| Users/Data Size | Horizontal Partitioning | Vertical Partitioning |
|---|---|---|
| 100 users / small data | Single database instance; simple queries | Single database; all columns together |
| 10,000 users / medium data | Split data rows across shards by user ID; reduces row size per shard | Split tables by columns (e.g., user info separate from logs); reduces column size per query |
| 1 million users / large data | Many shards; each handles subset of users; easier to scale writes | Tables split by feature sets; some queries need joins across vertical partitions |
| 100 million users / huge data | Hundreds of shards; complex routing; cross-shard queries costly | Multiple vertical partitions across clusters; increased join complexity; possible duplication |
Horizontal vs vertical partitioning in HLD - Scaling Approaches Compared
At small scale, the database handles all data easily.
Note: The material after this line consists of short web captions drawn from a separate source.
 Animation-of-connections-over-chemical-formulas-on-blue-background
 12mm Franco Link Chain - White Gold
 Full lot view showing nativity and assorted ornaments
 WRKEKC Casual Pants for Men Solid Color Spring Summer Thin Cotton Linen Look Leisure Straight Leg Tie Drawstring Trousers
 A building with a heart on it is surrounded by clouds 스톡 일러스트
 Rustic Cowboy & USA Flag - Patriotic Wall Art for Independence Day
As users grow, the first bottleneck is usually the database storage and query performance.
Horizontal partitioning bottleneck: Single shard storage and write throughput limits.
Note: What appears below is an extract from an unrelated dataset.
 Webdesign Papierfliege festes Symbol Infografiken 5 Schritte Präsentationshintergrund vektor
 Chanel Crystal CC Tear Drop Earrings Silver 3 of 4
Vertical partitioning bottleneck: Complex joins across partitions slow queries.
- Horizontal Partitioning: Add more shards to distribute rows; use consistent hashing or range-based sharding; implement routing layer to direct queries.
- Vertical Partitioning: Separate tables by feature or column groups; optimize queries to avoid unnecessary joins; replicate frequently joined partitions.
- Combine both: Use horizontal partitioning within vertical partitions for very large scale.
- Use caching layers to reduce database load.
- Use read replicas to scale read-heavy workloads.
Assuming 1 million users, each generating 10 requests per second:
- Total requests: 10 million QPS (queries per second).
- Single DB instance handles ~5,000 QPS → Need ~2,000 shards for horizontal partitioning.
- Storage per user: 1 MB → Total 1 TB data; split across shards or vertical tables.
- Network bandwidth: 1 Gbps = 125 MB/s; large data transfers require multiple network interfaces or data centers.
Start by explaining the difference: horizontal splits rows, vertical splits columns.
Discuss pros and cons of each with examples.
Identify bottlenecks based on data size and query patterns.
Suggest scaling steps logically: start with vertical if columns are large, horizontal if rows grow fast.
Mention combining both for complex systems.
Your database handles 1000 QPS. Traffic grows 10x to 10,000 QPS. What do you do first?
Answer: Implement horizontal partitioning (sharding) to distribute load across multiple database instances, because a single instance cannot handle 10x the queries.